→ **Data provided**:
↓

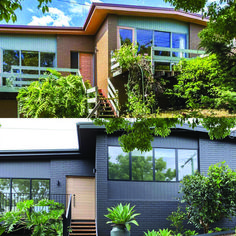 the front of a house with trees and plants on the outside, stairs leading up to the second floor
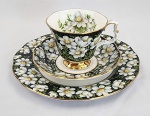 Royal Albert, England - Trio de chá em porcelana inglesa Bone China, padrão `Mountain Aven` da coleção Provincial Flowers, datado de 1975. Apresenta exuberante decoração floral com margaridas brancas sobre fundo preto e branco realçadas por filetes dourados nas bordas. O conjunto é composto por xícara, pires e prato de sobremesa. Manufatura no verso. Prato mede: 20,5 cm. Em ótimo estado.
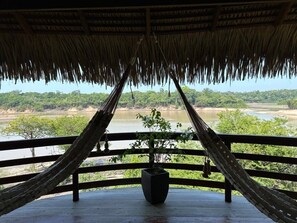 Una hamaca bajo un techo de paja con vistas a un río y bosque.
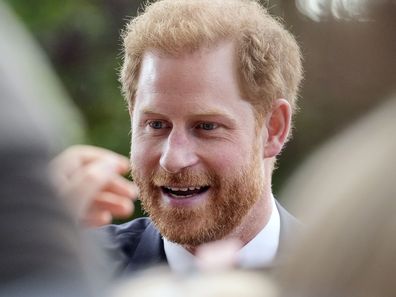 Prince Harry meets people after viewing the floral tributes for the late Queen Elizabeth II outside Windsor Castle, in Windsor, England, Saturday, Sept. 10, 2022. (AP Photo/Martin Meissner)
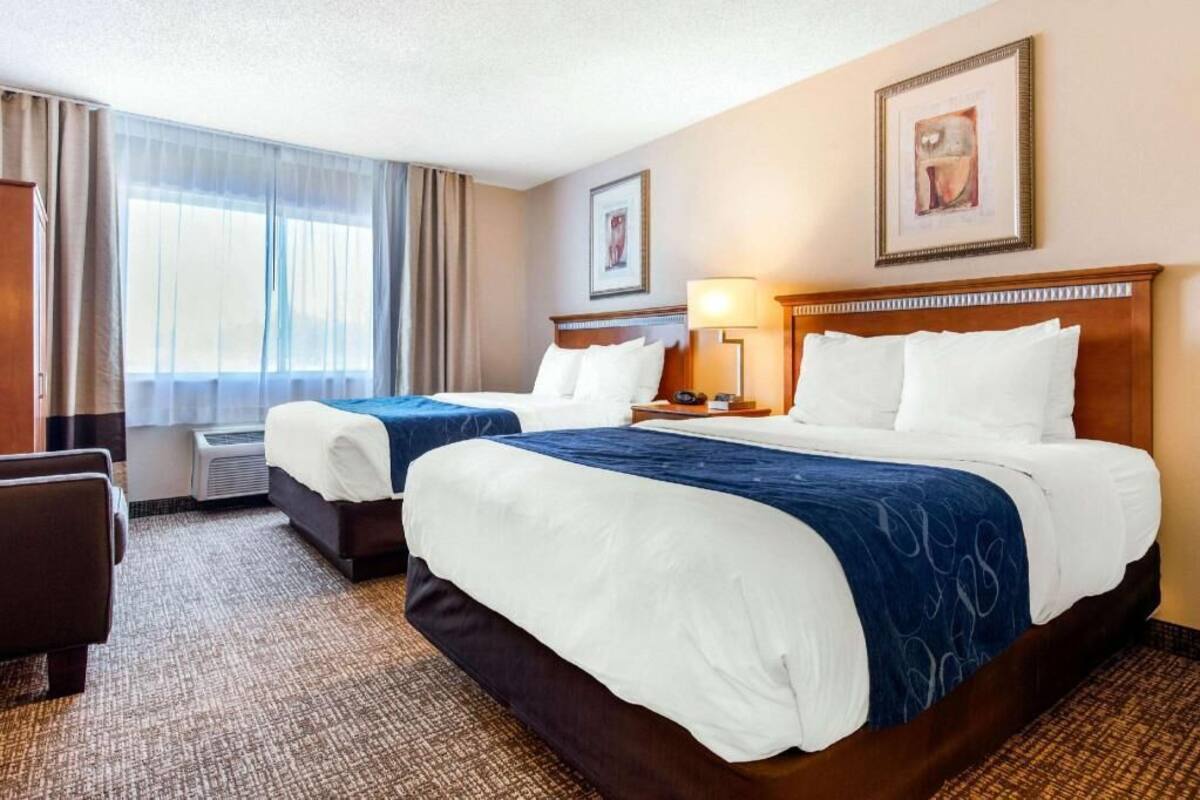 A hotel room with two beds, a desk, a chair, and a window with curtains.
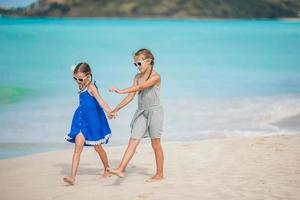 liten Lycklig barn ha en massa av roligt på tropisk strand spelar tillsammans foto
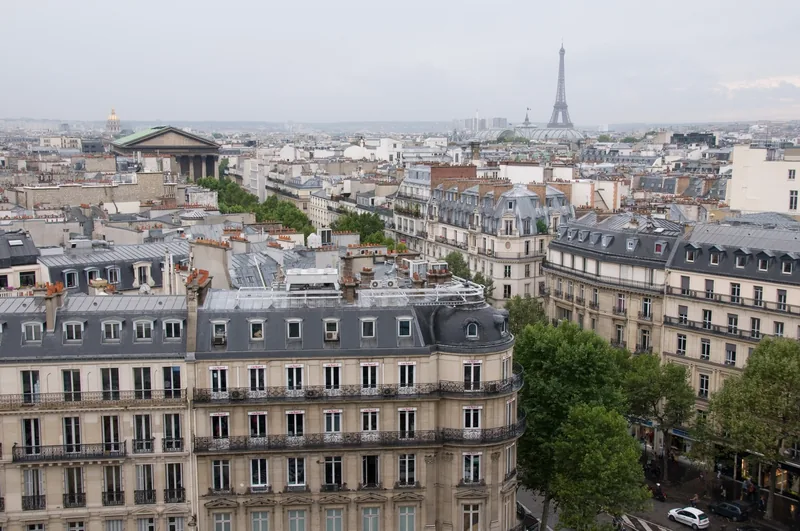 Toàn cảnh mái nhà Paris nhìn từ trên cao với tháp Eiffel thấp thoáng phía xa.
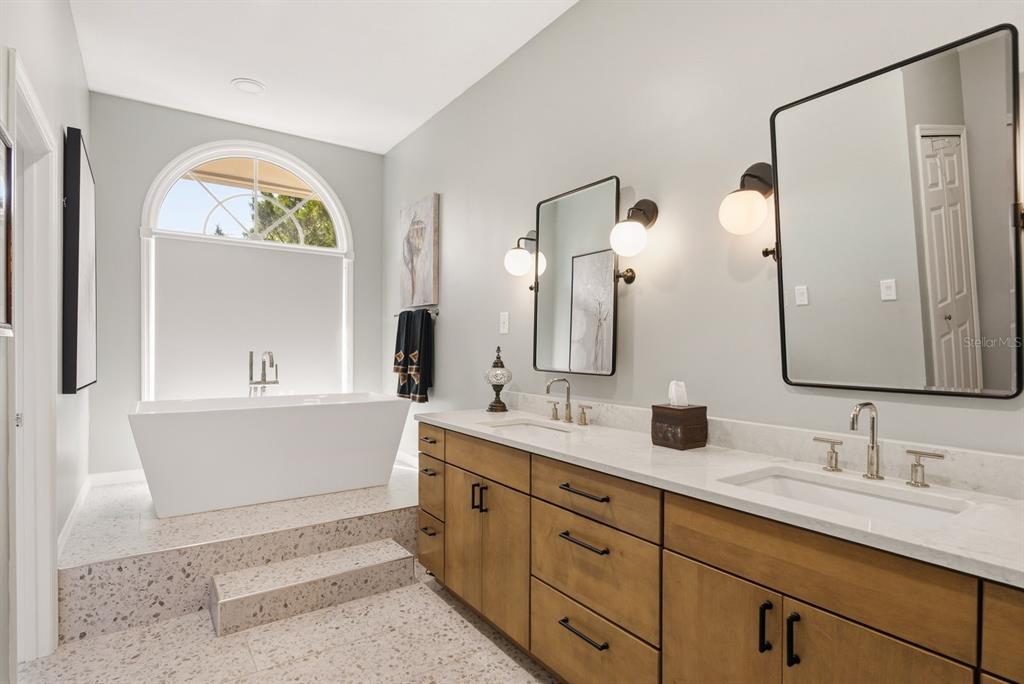 2351 Northeast Coachman Road Clearwater, FL 33765 - Photo 27 of 47 a bathroom with double vanity sinks a large mirror and a bathtub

↑

→ **Work order**: Copy exactly the lines from the line containing "liten Lycklig barn" through the last line of the records, both included, and omit every picture.

→ **Solution for this problem**:
 liten Lycklig barn ha en massa av roligt på tropisk strand spelar tillsammans foto
 Toàn cảnh mái nhà Paris nhìn từ trên cao với tháp Eiffel thấp thoáng phía xa.
 2351 Northeast Coachman Road Clearwater, FL 33765 - Photo 27 of 47 a bathroom with double vanity sinks a large mirror and a bathtub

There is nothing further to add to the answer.